START EXTRACTED INFORMATION

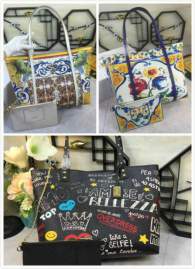 Picture of Dolce Gabbana Handbags _SKUfw70405338fw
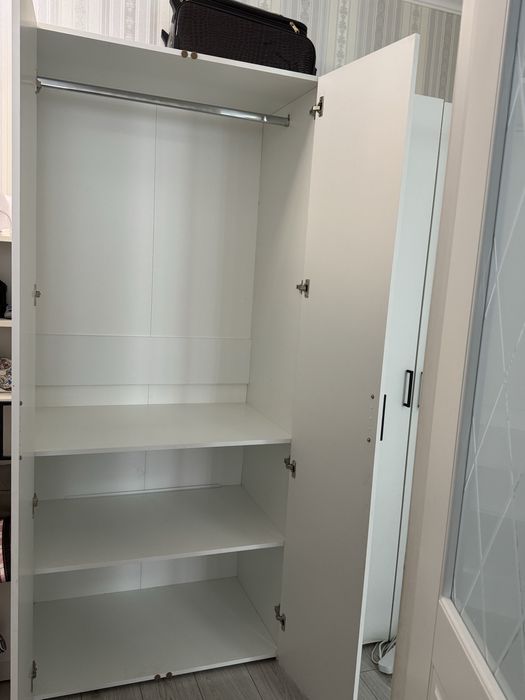 Распашной шкаф четырех дверний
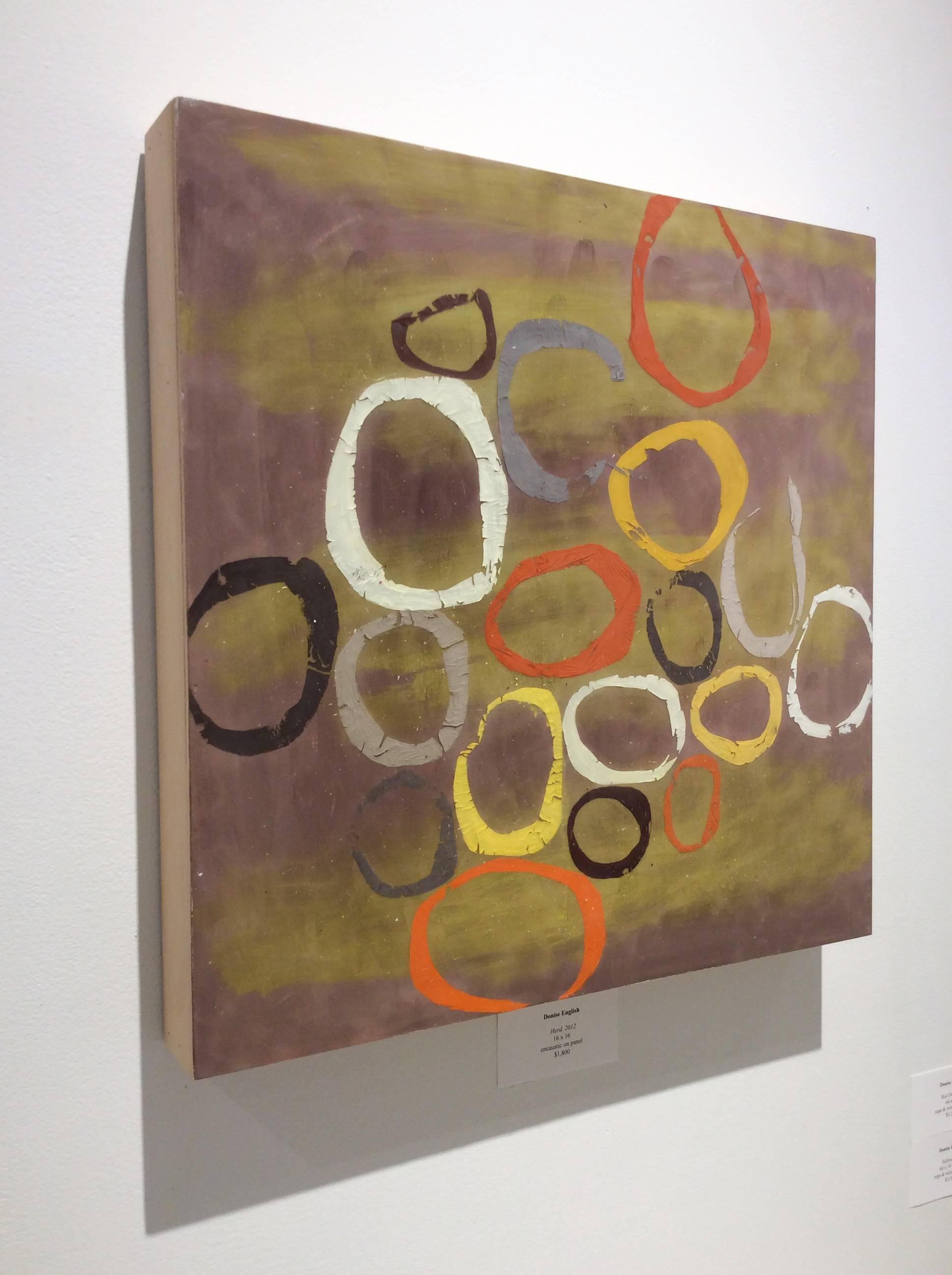 Herd (Abstrakte Enkaustik-Malerei in Olivgrün, grafische orangefarbene Kreise) im Angebot 2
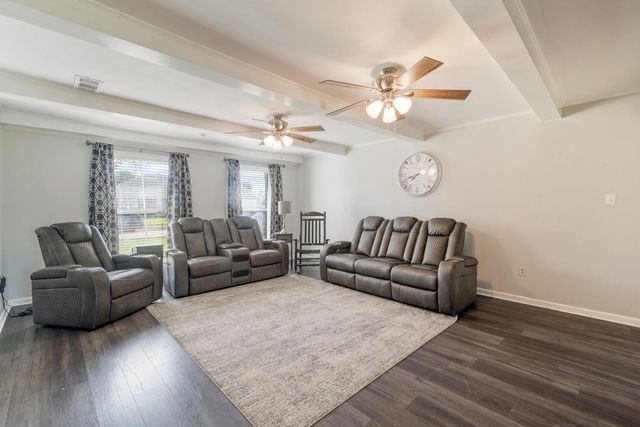 204 Midland Dr, Houma, LA 70360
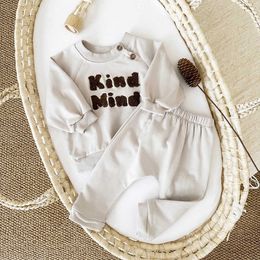 Vêtements Ensembles Infant Baby Clothes Set NOUVEAU BARNES GARDES LETTRE LETTRE EMPRODURE ENFANTS CONCUTER LONG LONG SORT + PANTAL 2PCS Spring Autumnl2405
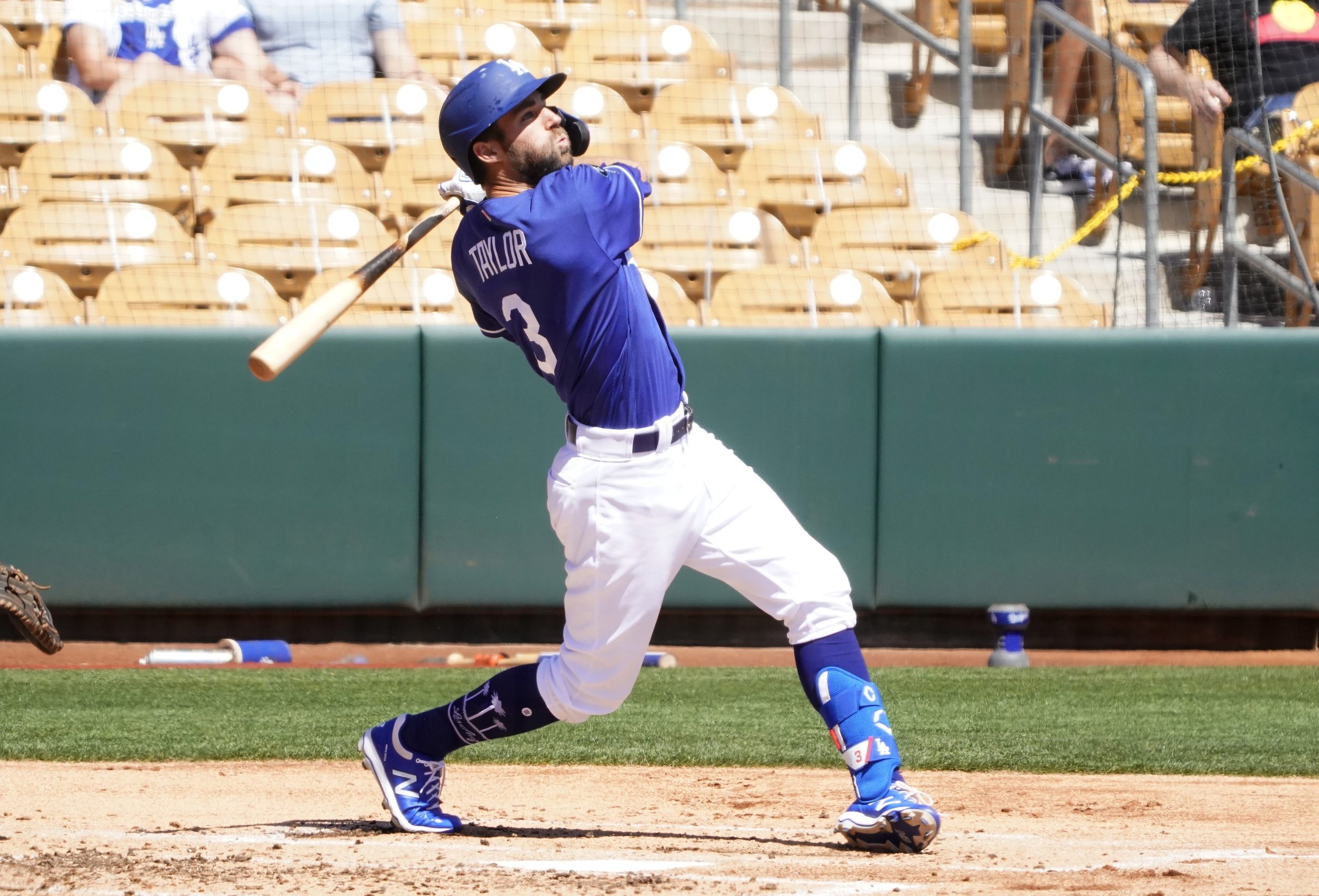 Dodgers' Chris Taylor reveals he had offseason elbow surgery - Los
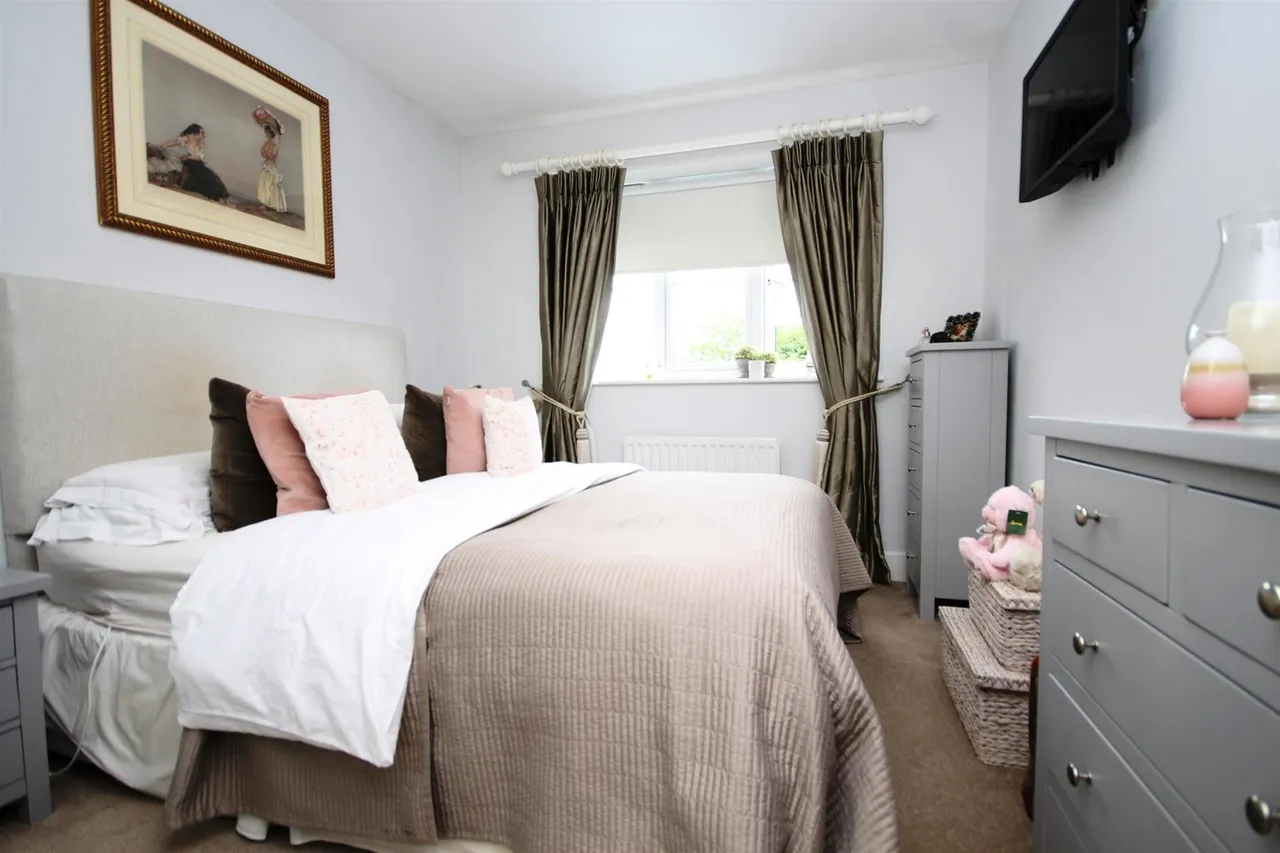 Lyngarth Close, Great Bookham, KT23, photo 10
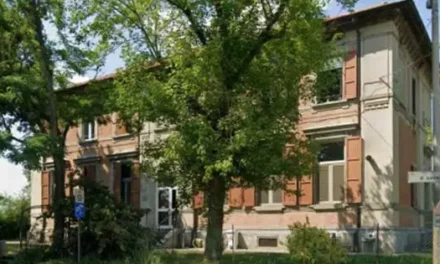 IL COMUNE METTE IN VENDITA L’EX SCUOLA ELEMENTARE DI CANALI ‘LA PULCE’. PUBBLICATO IL BANDO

END EXTRACTED INFORMATION

◆ WORK INSTRUCTION ◆
Please return the data above exactly as it stands from the line with "Vêtements Ensembles Infant" to the line with "Lyngarth Close, Great", keeping both of those lines but none of the pictures.

◆ COMPLETED EXERCISE ◆
 Vêtements Ensembles Infant Baby Clothes Set NOUVEAU BARNES GARDES LETTRE LETTRE EMPRODURE ENFANTS CONCUTER LONG LONG SORT + PANTAL 2PCS Spring Autumnl2405
 Dodgers' Chris Taylor reveals he had offseason elbow surgery - Los
 Lyngarth Close, Great Bookham, KT23, photo 10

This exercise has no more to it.